Records shown:
--

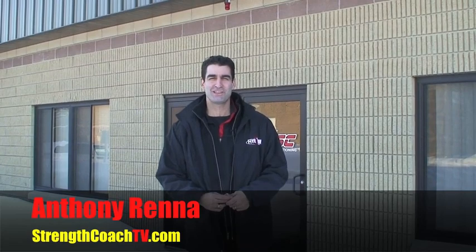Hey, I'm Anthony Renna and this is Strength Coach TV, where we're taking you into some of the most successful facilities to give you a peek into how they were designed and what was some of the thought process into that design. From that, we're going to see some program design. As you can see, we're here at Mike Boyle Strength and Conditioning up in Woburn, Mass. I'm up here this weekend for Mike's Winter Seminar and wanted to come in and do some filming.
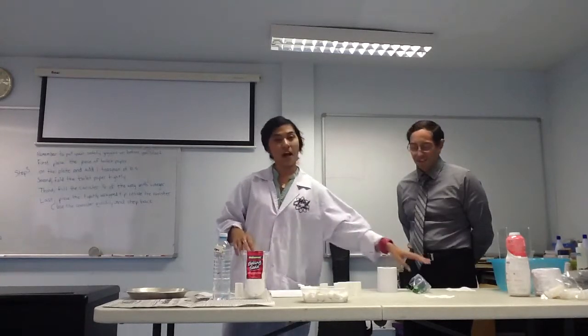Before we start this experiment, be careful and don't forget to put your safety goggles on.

--

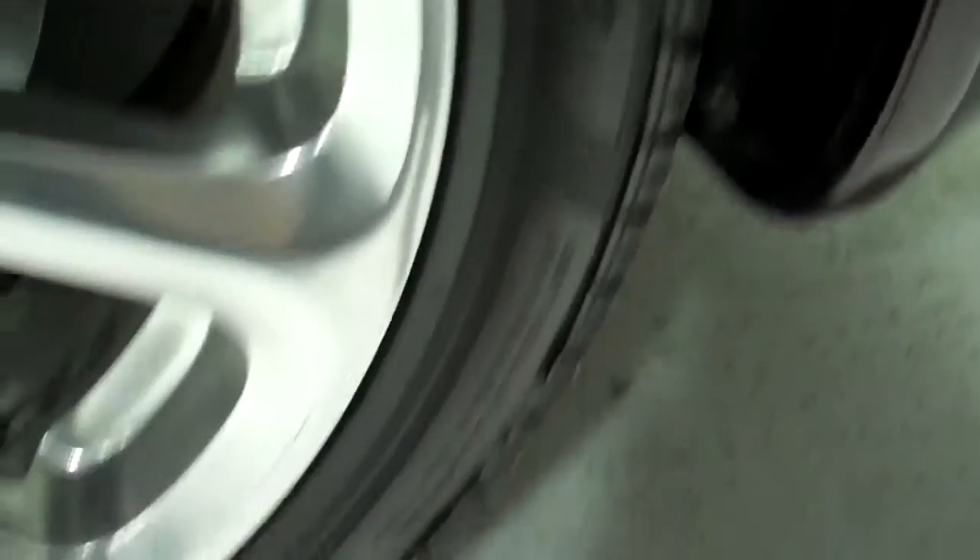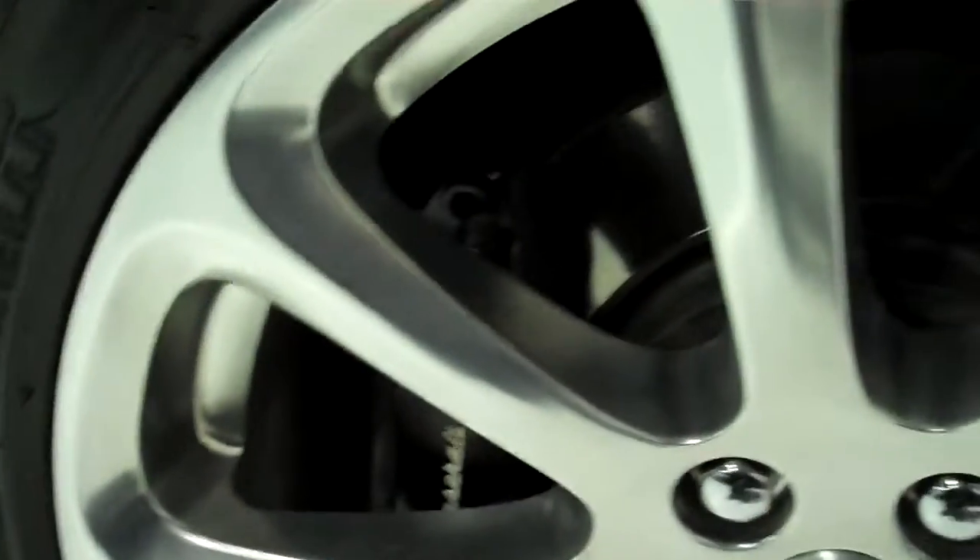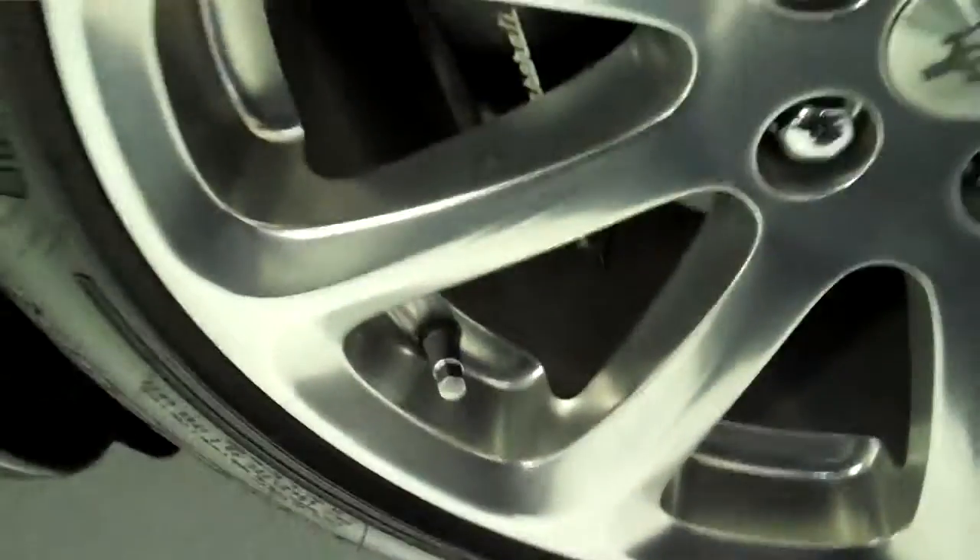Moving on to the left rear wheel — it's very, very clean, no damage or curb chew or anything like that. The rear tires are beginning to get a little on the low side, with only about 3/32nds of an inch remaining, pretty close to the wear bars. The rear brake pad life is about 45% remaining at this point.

--

About this exercise: Of the records above, print only the lines from the one containing "Hey, I'm Anthony" through the one containing "Before we start", inclusive and unaltered, leaving out pictures.

Response to the task:
Hey, I'm Anthony Renna and this is Strength Coach TV, where we're taking you into some of the most successful facilities to give you a peek into how they were designed and what was some of the thought process into that design. From that, we're going to see some program design. As you can see, we're here at Mike Boyle Strength and Conditioning up in Woburn, Mass. I'm up here this weekend for Mike's Winter Seminar and wanted to come in and do some filming.
Before we start this experiment, be careful and don't forget to put your safety goggles on.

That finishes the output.